Para 18 - It is difficult to accept the submission that executive action which results in denial of equal protection of law or equality before law cannot be judicially reviewed".
(26) The theory that highly placed persons in the ruling elite by and
large act responsibly and do not act arbitrarily and capriciously
has not been accepted by the Supreme Court. In the case of
Delhi Transport Corporation vs. Workers reported in AIR 1991
SC 101, Sawant,J. repelled the contention put forth in the
following words:-
"232 - The "High Authority" theory so called has already been adverted to earlier. Beyond the self-defusing and self-asserting righteous presumption, there is nothing to support it. This theory undoubtedly weighed with some authorities for sometime in the past.But it's unrealistic pretensions were soon noticed and it was buried without even so much as an ado to it. Even while Justice Shah, J. in his dissenting opinion in Moti Ram Deka vs. General Manager N.E.F Railways, Maligaon, Pandu, reported in AIR 1964 SC 600 had given vent to it, Dasgupta, J. in his concurring judgment but dealing with the same point of unguided provisions of Rule 148 (3) of the Railway Establishment Code, had not supported that view and had stuck down the rule as being violative of Article 14 of the Constitution."
(27) Another authority may be referred to, i.e, K.S Vidyarthi Vs. State
of U.P reported in 1990 4 JT 2011 (SC),wherein the Hon'ble
Apex Court has been pleased to hold that if it is shown that the
impugned State action is arbitrary and therefore, violative of
Article 14 of the Constitution, there can be no impediment in
striking down the impugned act irrespective of the question
whether an additional right, contractual or statutory, if any, is
also available to the aggrieved person.
(28) Upon the entire discussion as above, we find no cogent and
sufficient grounds in the impugned order dated February 13,
2018, to uphold the same. The findings of the Ld.Single Bench,
as discussed in paragraph (15) of this judgment are not based
on sufficient materials. Instead, we find that the same is liable
to be set aside for the reasons discussed above.
(29) Hence the judgment and order dated February 13, 2018, of the
Ld.

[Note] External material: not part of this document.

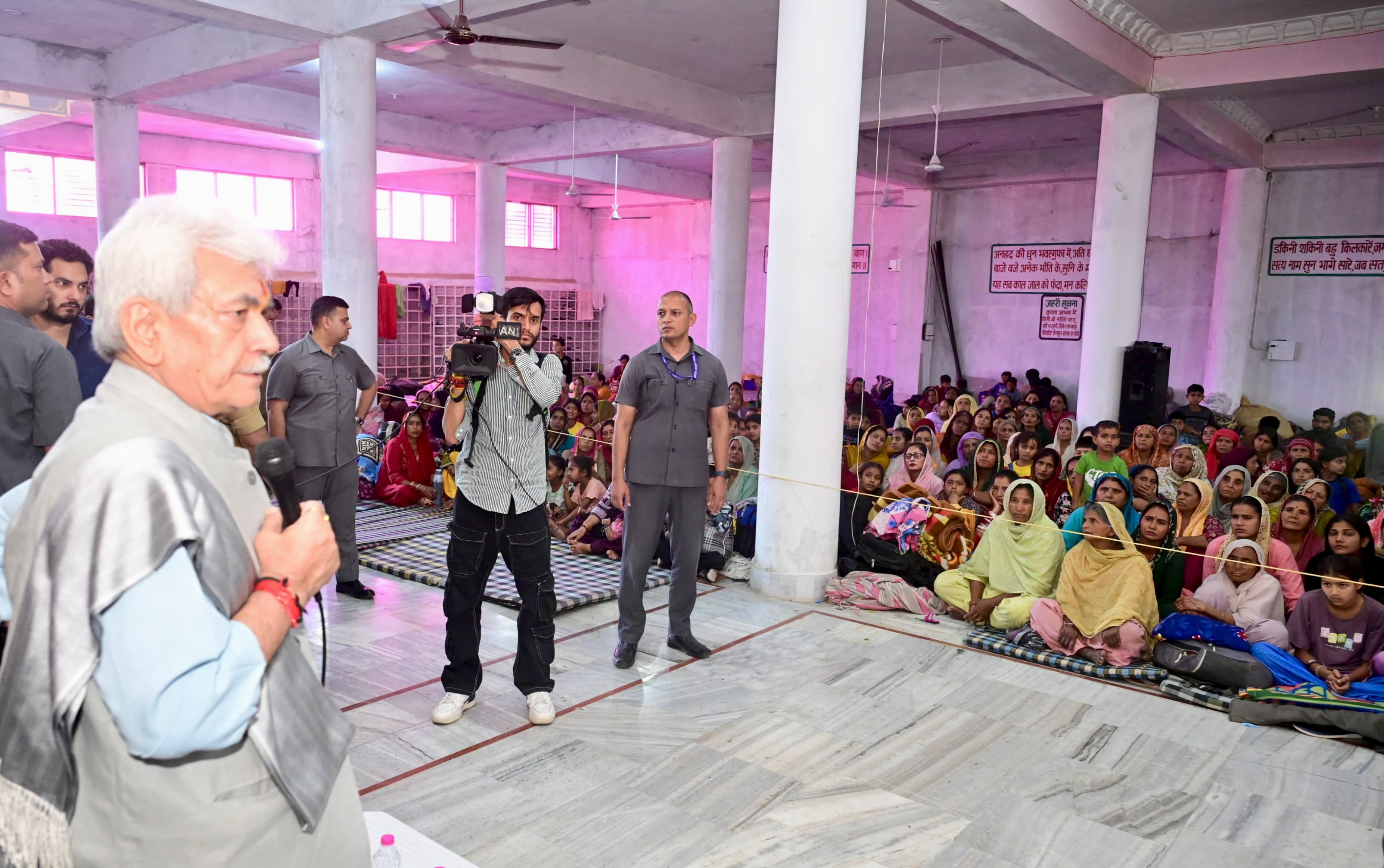 उपराज्यपाल ने मिश्रीवाला स्थित साहिब बंदगी आश्रम में आवास केंद्र का किया दौरा, पाकिस्तानी गोलाबारी से प्रभावित परिवारों से मिले उपराज्यपाल ने मिश्रीवाला स्थित साहिब बंदगी आश्रम में आवास केंद्र का किया दौरा, पाकिस्तानी गोलाबारी से प्रभावित परिवारों से मिले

Single Bench, in W.P.No 20254(w) of 2016 is hereby set
aside.
(30) We hereby direct the respondent State authority to immediately
act upon the letter dated September 9, 2004, of the Bansberia
Municipality, with respect to the present appellant, by according
approval to his service, from the date of his permanent
appointment. We further direct the concerned respondent to
release to him all consequential benefits applicable to him,
including pension, immediately after approval of his service.
The entire exercise, as above, shall be concluded within a period
of 3 (three) months from the date of this order.
(31) With the above directions the appeal and the connected
application are disposed of. Interim order, if any, stands
vacated.
(32) Urgent certified website copies of this judgment, if applied for,
be supplied to the parties subject to compliance with all the
requisite formalities.
I agree.
(Arijit Banerjee, J.) (Rai Chattopadhyay, J.)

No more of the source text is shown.